Each line in the material below, starting at the one that contains "But you can" and ending at the one that contains "I hope this", should be repeated exactly; the pictures should not.

━━ Data provided ━━

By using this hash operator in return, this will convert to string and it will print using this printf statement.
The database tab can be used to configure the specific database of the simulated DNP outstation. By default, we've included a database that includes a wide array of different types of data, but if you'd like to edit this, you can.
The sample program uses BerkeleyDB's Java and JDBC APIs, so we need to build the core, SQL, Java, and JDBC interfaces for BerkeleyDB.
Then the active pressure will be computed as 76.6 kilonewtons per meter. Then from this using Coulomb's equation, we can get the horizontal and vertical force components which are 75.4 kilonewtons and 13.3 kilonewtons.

━━━
━━ Data provided ━━

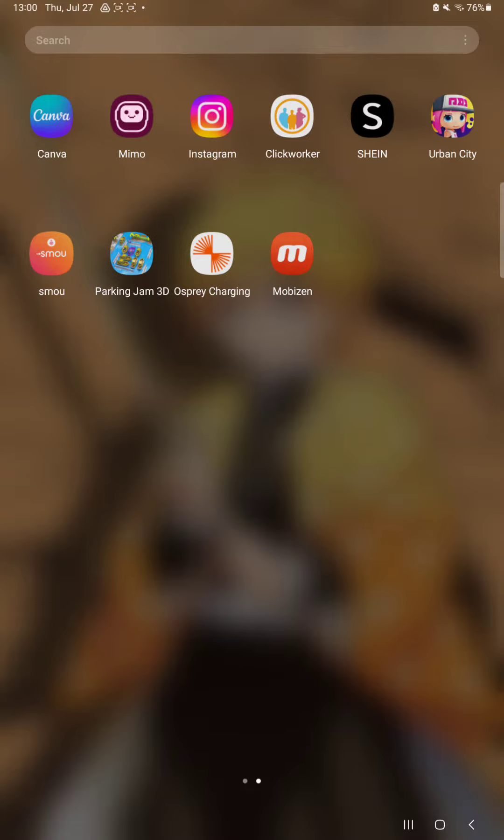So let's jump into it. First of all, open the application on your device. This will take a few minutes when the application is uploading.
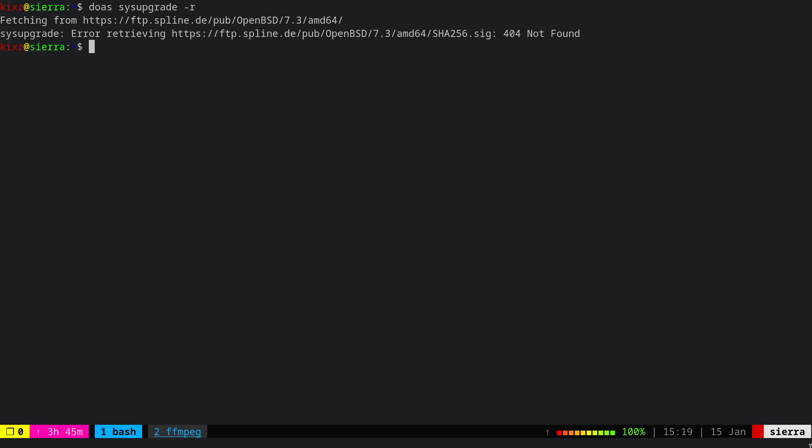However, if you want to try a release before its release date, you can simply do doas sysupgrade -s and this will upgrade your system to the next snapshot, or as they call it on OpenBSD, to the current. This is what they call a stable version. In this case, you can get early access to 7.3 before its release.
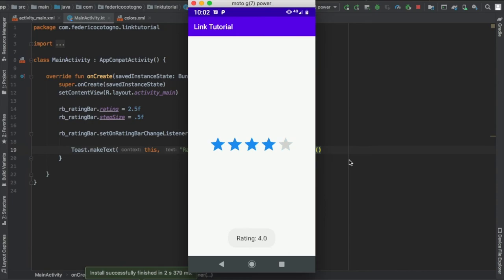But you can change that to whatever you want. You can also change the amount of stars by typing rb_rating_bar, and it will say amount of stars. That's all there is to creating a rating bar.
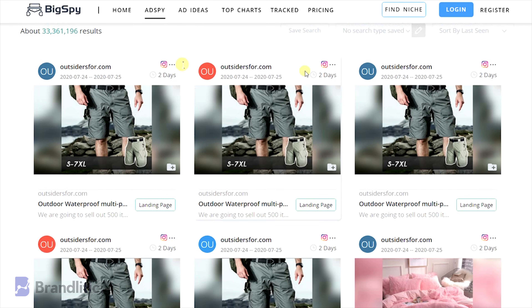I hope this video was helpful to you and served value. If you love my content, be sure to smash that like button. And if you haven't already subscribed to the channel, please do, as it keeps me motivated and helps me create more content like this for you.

━━━

### Response to this task
But you can change that to whatever you want. You can also change the amount of stars by typing rb_rating_bar, and it will say amount of stars. That's all there is to creating a rating bar.
I hope this video was helpful to you and served value. If you love my content, be sure to smash that like button. And if you haven't already subscribed to the channel, please do, as it keeps me motivated and helps me create more content like this for you.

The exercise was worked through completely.